While state funding cuts have resulted in major service reductions for the Port Authority of Allegheny County, officials with Westmoreland County's public transit system are eyeing ways to lure additional riders.

Larry Morris, executive director of the county transit authority, said Wednesday that potential service increases are being explored to augment an already burgeoning bus system.

"Our buses are crowded, and we'll look at some of our trips that are overcrowded," Morris said. "We're always looking at our service."

The Port Authority this week instituted drastic service cuts as it eliminated 29 routes, made cuts to 37 others and laid off 180 employees in a move designed to save $20 million.

The Westmoreland transit authority has not experienced financial problems and continues to see customer increases.

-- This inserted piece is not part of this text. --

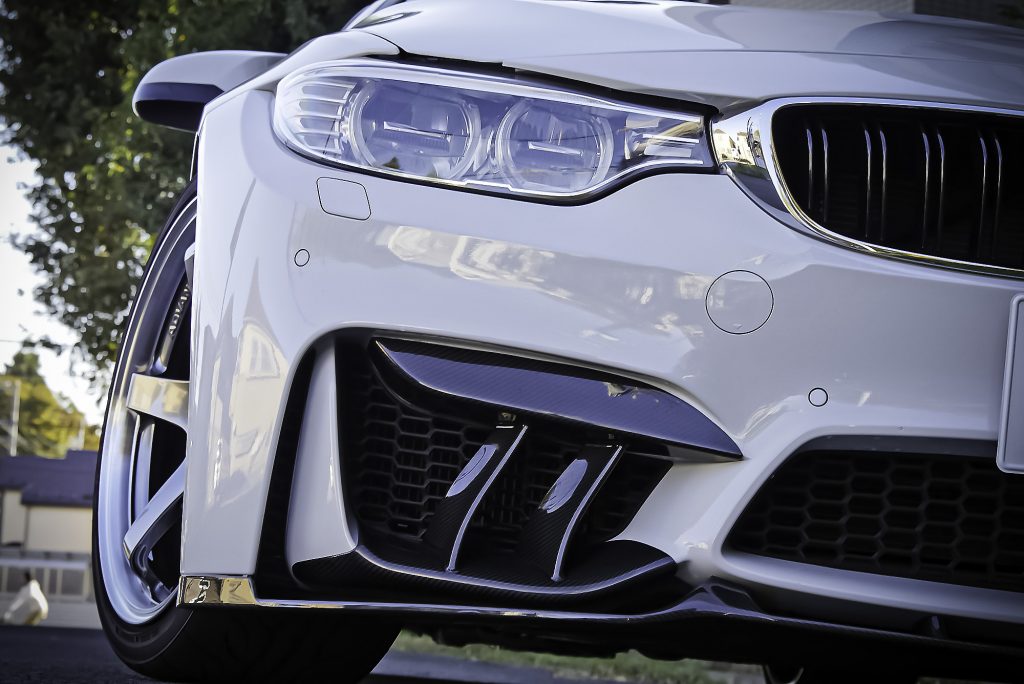 英国生まれのEVAERO(エヴァロ)をフルでセットアップ。F82M4がますますカッコ良くなってきたゾ♪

It operates four daily commuter routes to Pittsburgh in addition to local service throughout Westmoreland County. Ridership on the transit system has steadily increased, nearly 22 percent in February compared to totals from a year ago. Ridership over the last year has increased by almost 8 percent.

There were more than 463,000 passengers on authority buses last year.

Morris said skyrocketing fuel prices have contributed to the authority's increased business as motorists in growing numbers have chosen to commute using public transportation. And as gasoline prices continue to soar, more riders are expected.

In 2008, the last time fuel prices spiked, the authority increased trips on its Pittsburgh commuter routes to accommodate additional passengers. Morris said most of those newly gained riders continued to take public transportation even after fuel prices dropped.

But the price of fuel has become a double-edge sword for the authority, as it is also paying more to operate its fleet.

"We are concerned about that as the price of fuel goes up. We want to try to prepare for that," Morris said. He declined to say whether a fare hike will be considered as part of the authority's next operating budget, which will be finalized before June 30.

The authority last raised fares by an average of 24 percent in early 2008.

While no concrete plans are in place to increase bus service or hike fares, Morris said authority officials are exploring putting additional buses into service to allow for additional trips to Pittsburgh.

The authority currently operates with a fleet of 37 buses, including nine new vehicles recently purchased. Nine older vehicles were taken out of service, but some could be returned to the active fleet if additional trips are deemed necessary, Morris said.

"We're pretty much at capacity at this point," Morris said.